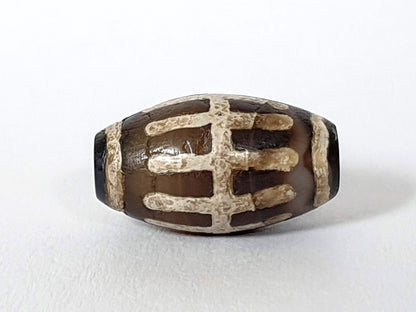 Ac-062426-SR Bead A warm chocolate-brown ground raised mineralised sun ray bars end view drill hole unretouched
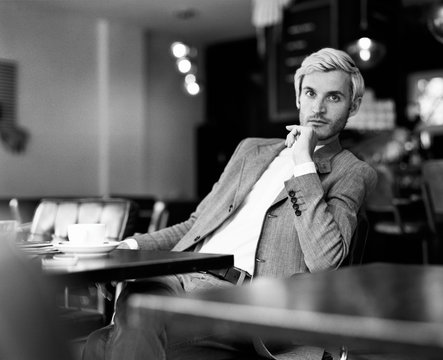 Stylish Young Man in Cafe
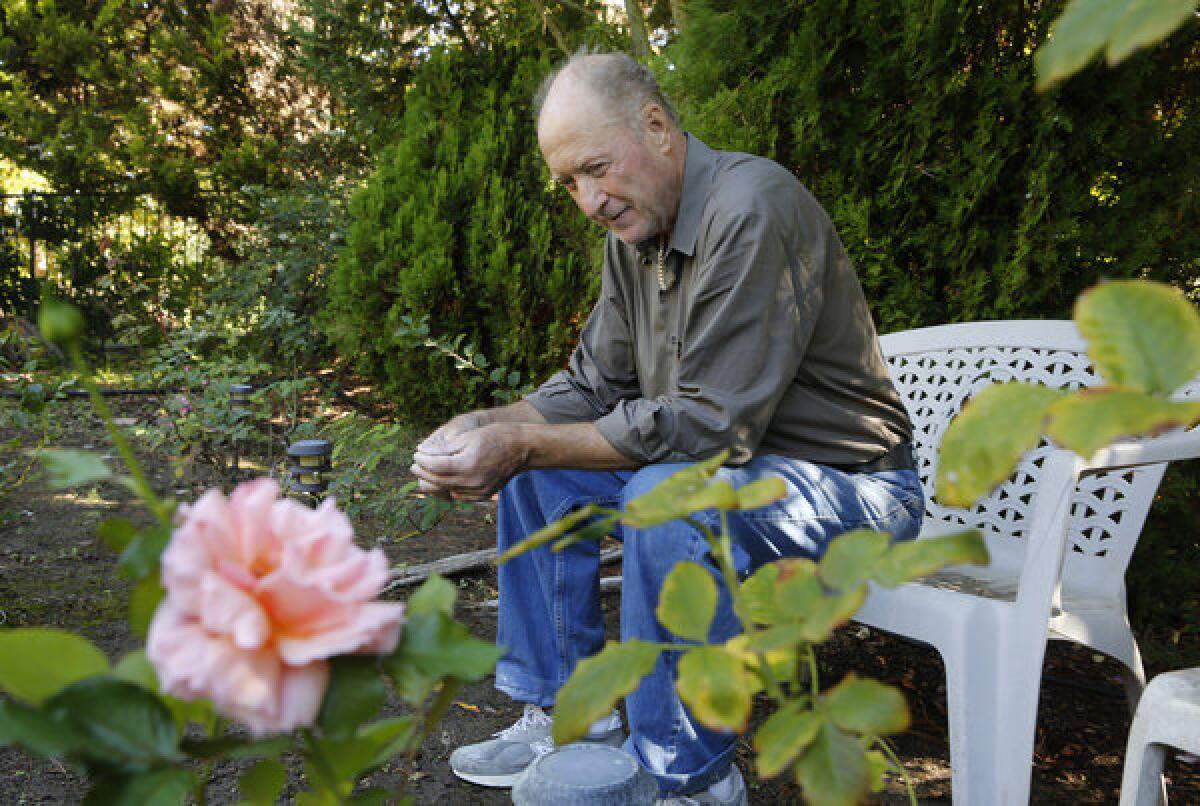 Souliotes sits in the rose garden of a house that he is helping to remodel in Escondido. The former general contractor who loved to dance was wrongfully convicted of murder after three people died in a fire at his rental house in Modesto.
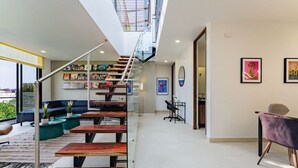 Un intérieur moderne avec un escalier, un coin salon et des œuvres d’art.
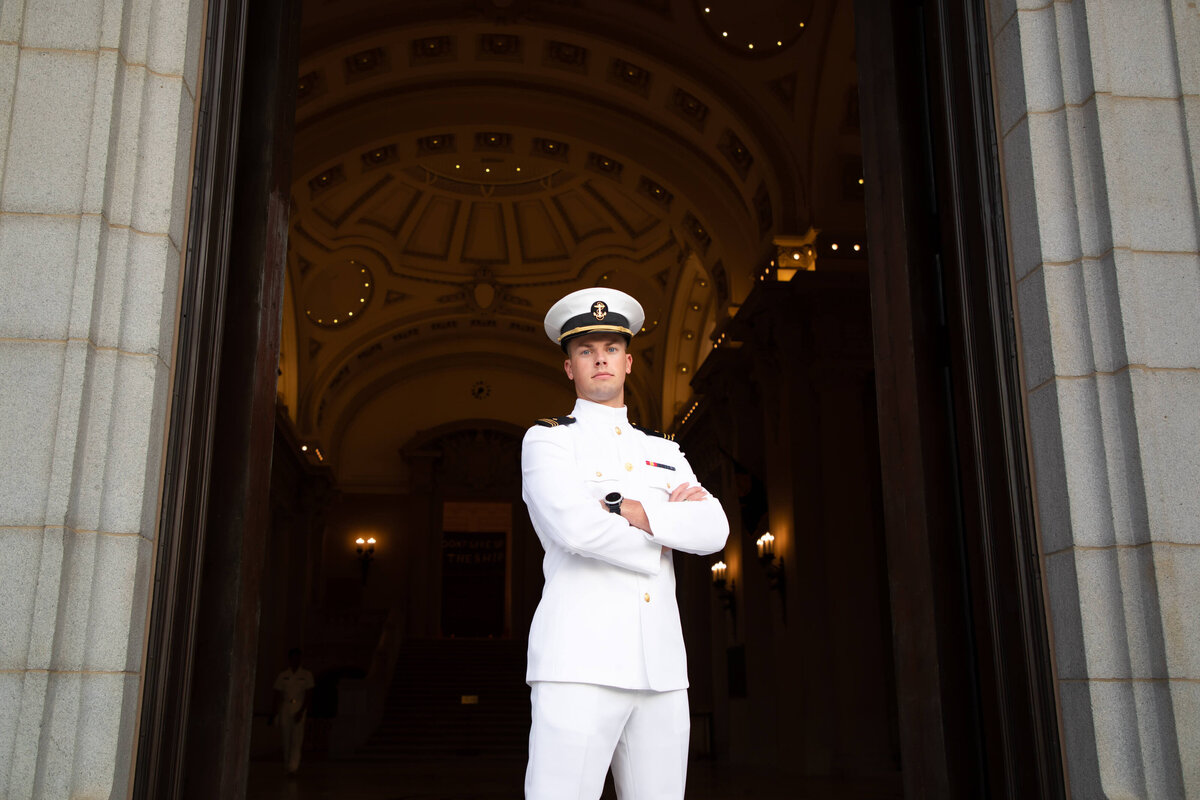 Midshipman senior photography in whites with arms crossed outside Bancroft Hall at the Naval Academy in Annapolis, Maryland.
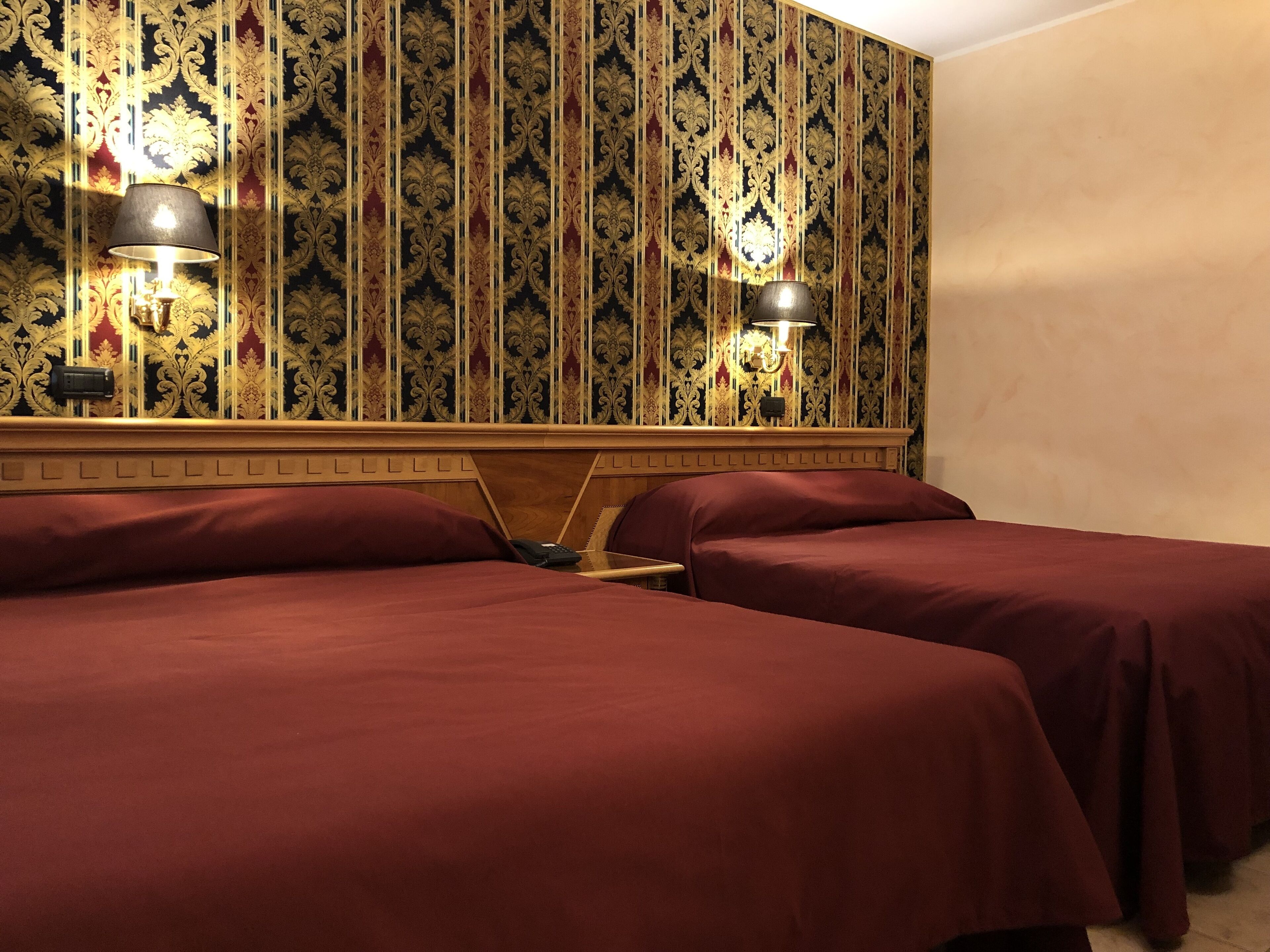 A hotel room with two beds, a wooden headboard, and a patterned wallpaper.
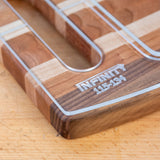 Acrylic cutting board template edge closeup on wood surface with engraved markings.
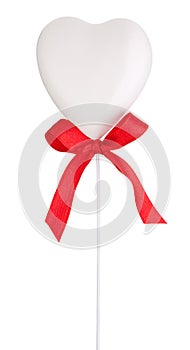 White heart and red ribbon with a bow Isolated on white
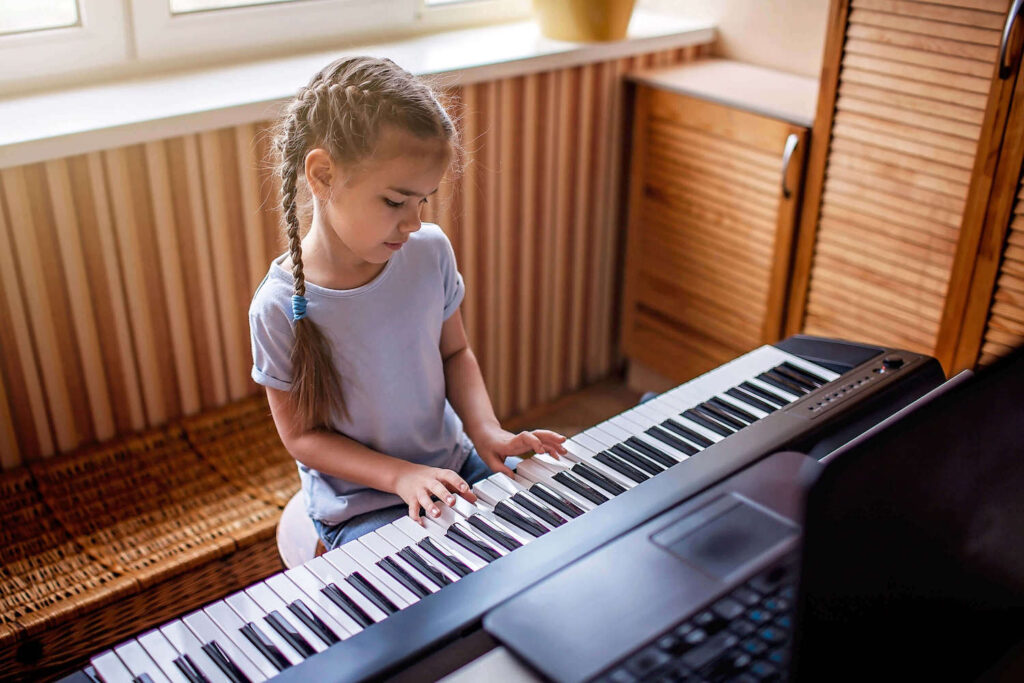young student playing the keyboard at home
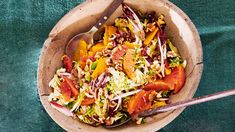 a wooden bowl filled with salad on top of a green table cloth next to two spoons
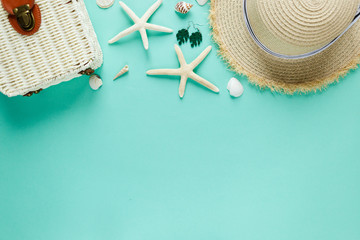 Tropic flat lay with straw hat, bag, starfish, shells, sunglasses, boat, earrings on green background. Summer fashion flat lay, vacation, travel concept. Top view with copy space. 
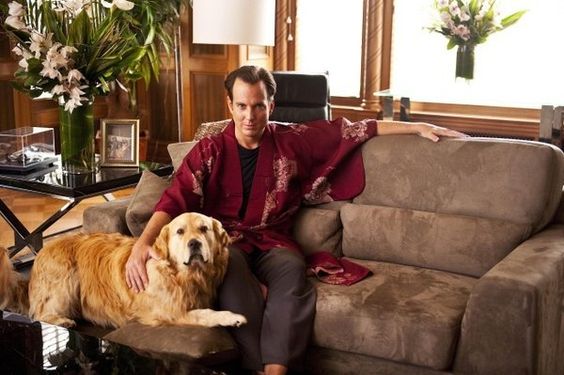 Will Arnett sitting on the chair behind his Golden Retriever standing on the floor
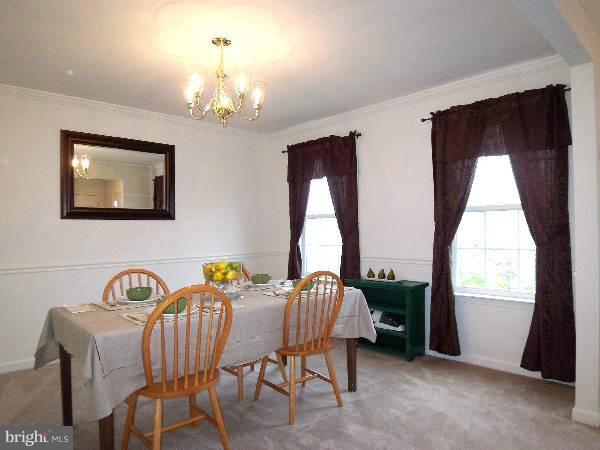 176 Shelby Road Inwood, WV 25428 - Photo 11 of 30 a view of a dining room with furniture and a chandelier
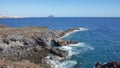 Rough and rocky landscape of the coastal walking path from Montana Amarilla to Amarilla Golf and Golf Del Sur, Tenerife, Spain Royalty Free Stock Photo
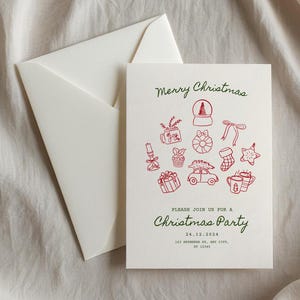 May include: A white card with a red and green Christmas party invitation. The card features a red illustration of a Christmas tree with ornaments, gifts, and other festive symbols. The text reads "Merry Christmas" and "Please join us for a Christmas Party" with the date and address below.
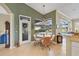 Bright kitchen and dining nook with views of the pool area, creating a delightful space for casual meals at 854 Dahoon Cir, Venice, FL 34293
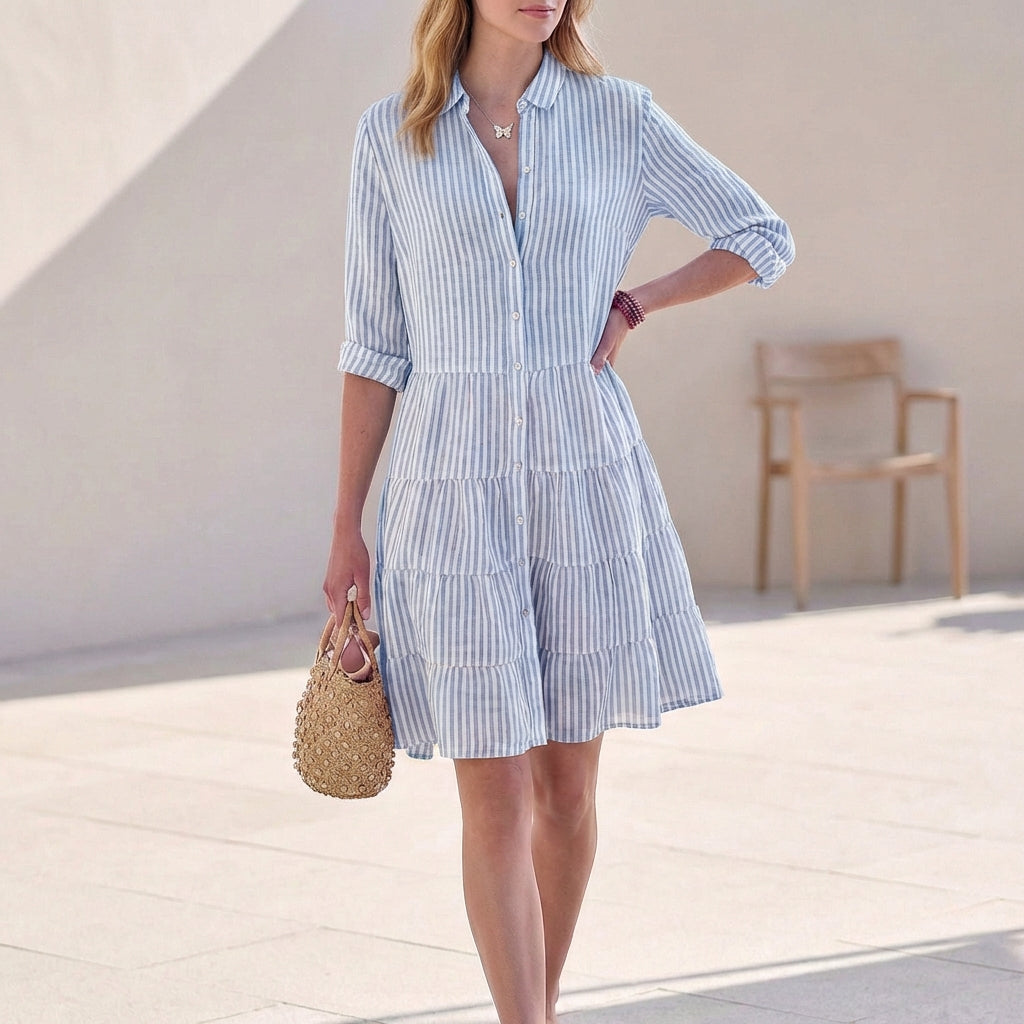 Blue striped tiered shirtdress with button front and three-quarter sleeves
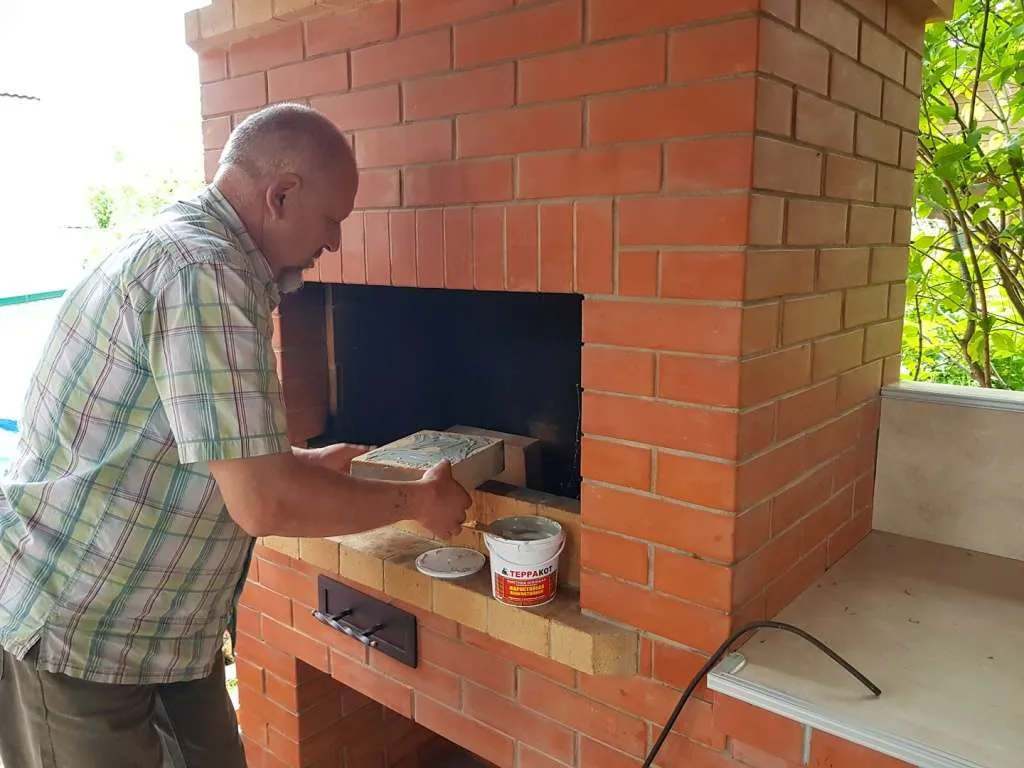 Печник кладет кирпич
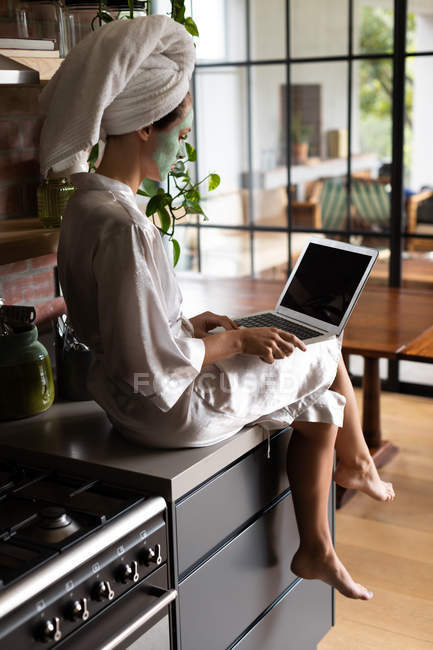 Mujer en albornoz sentado en el mostrador de la cocina y el uso de ordenador portátil por la mañana - foto de stock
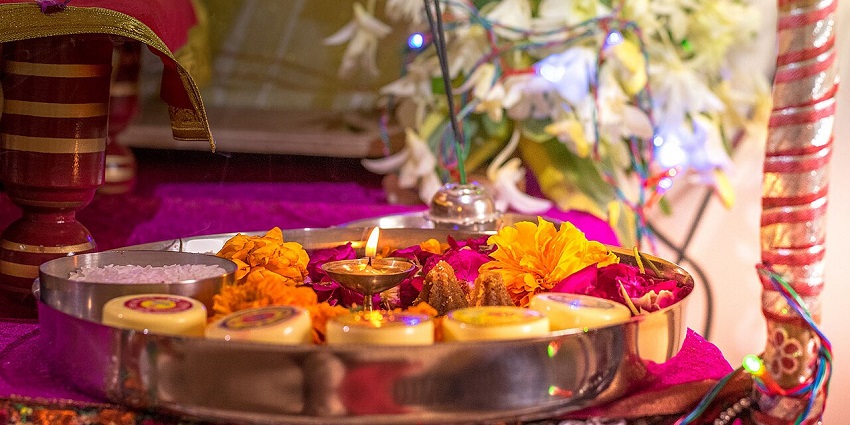 A puja thali, adorned with several items like diya, prasad, and flowers during a puja.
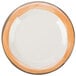 A white plate with a wide rim and orange trim.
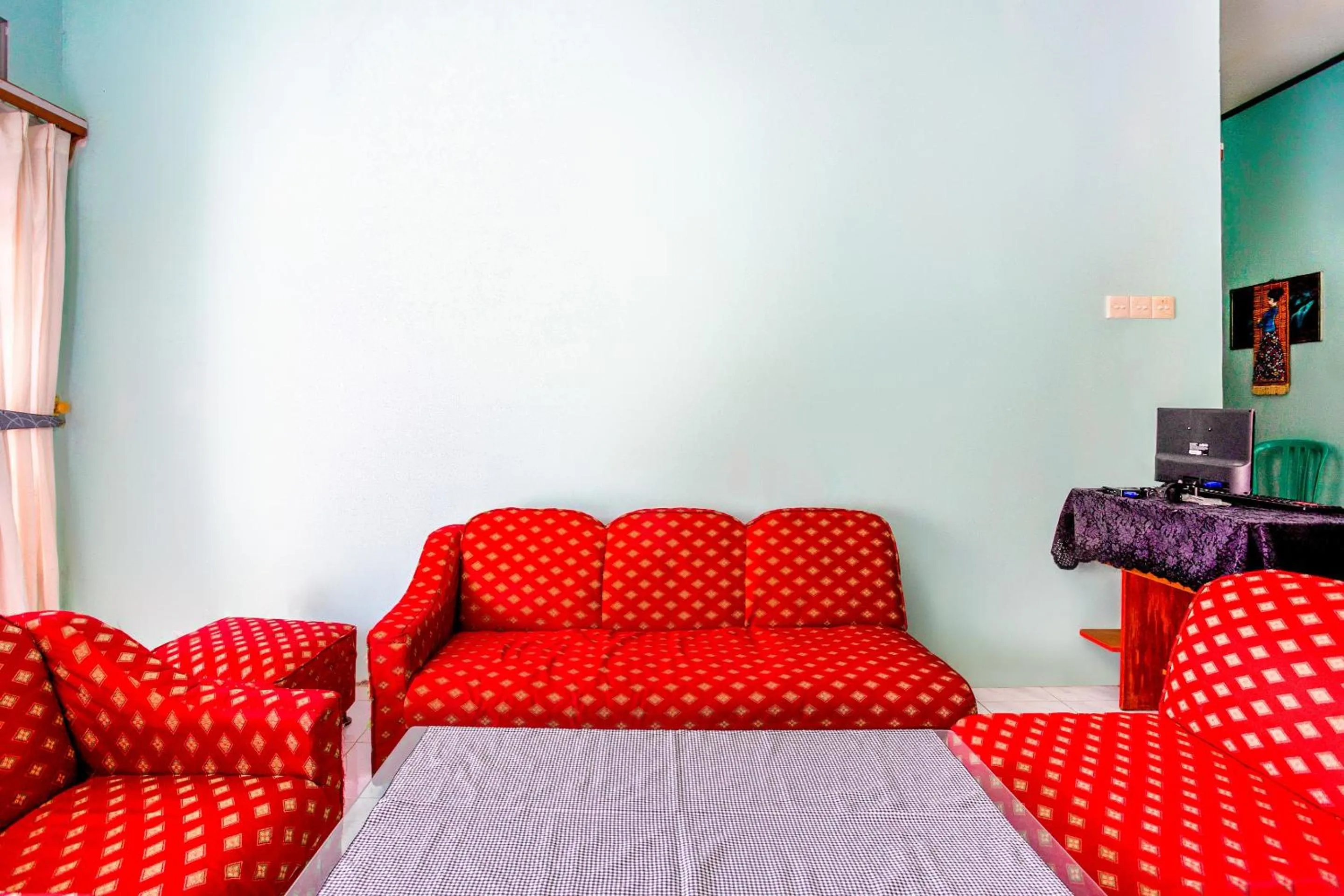 Lobby or reception in OYO 2903 Putri Residence Syariah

####################

To do :: Write out exactly the lines between the start of the data and the line with "A puja thali, adorned", including both, but none of the pictures.

Task result ::
 Ac-062426-SR Bead A warm chocolate-brown ground raised mineralised sun ray bars end view drill hole unretouched
 Stylish Young Man in Cafe
 Souliotes sits in the rose garden of a house that he is helping to remodel in Escondido. The former general contractor who loved to dance was wrongfully convicted of murder after three people died in a fire at his rental house in Modesto.
 Un intérieur moderne avec un escalier, un coin salon et des œuvres d’art.
 Midshipman senior photography in whites with arms crossed outside Bancroft Hall at the Naval Academy in Annapolis, Maryland.
 A hotel room with two beds, a wooden headboard, and a patterned wallpaper.
 Acrylic cutting board template edge closeup on wood surface with engraved markings.
 White heart and red ribbon with a bow Isolated on white
young student playing the keyboard at home
 a wooden bowl filled with salad on top of a green table cloth next to two spoons
 Tropic flat lay with straw hat, bag, starfish, shells, sunglasses, boat, earrings on green background. Summer fashion flat lay, vacation, travel concept. Top view with copy space. 
 Will Arnett sitting on the chair behind his Golden Retriever standing on the floor
 176 Shelby Road Inwood, WV 25428 - Photo 11 of 30 a view of a dining room with furniture and a chandelier
 Rough and rocky landscape of the coastal walking path from Montana Amarilla to Amarilla Golf and Golf Del Sur, Tenerife, Spain Royalty Free Stock Photo
 May include: A white card with a red and green Christmas party invitation. The card features a red illustration of a Christmas tree with ornaments, gifts, and other festive symbols. The text reads "Merry Christmas" and "Please join us for a Christmas Party" with the date and address below.
 Bright kitchen and dining nook with views of the pool area, creating a delightful space for casual meals at 854 Dahoon Cir, Venice, FL 34293
 Blue striped tiered shirtdress with button front and three-quarter sleeves
 Печник кладет кирпич
 Mujer en albornoz sentado en el mostrador de la cocina y el uso de ordenador portátil por la mañana - foto de stock
 A puja thali, adorned with several items like diya, prasad, and flowers during a puja.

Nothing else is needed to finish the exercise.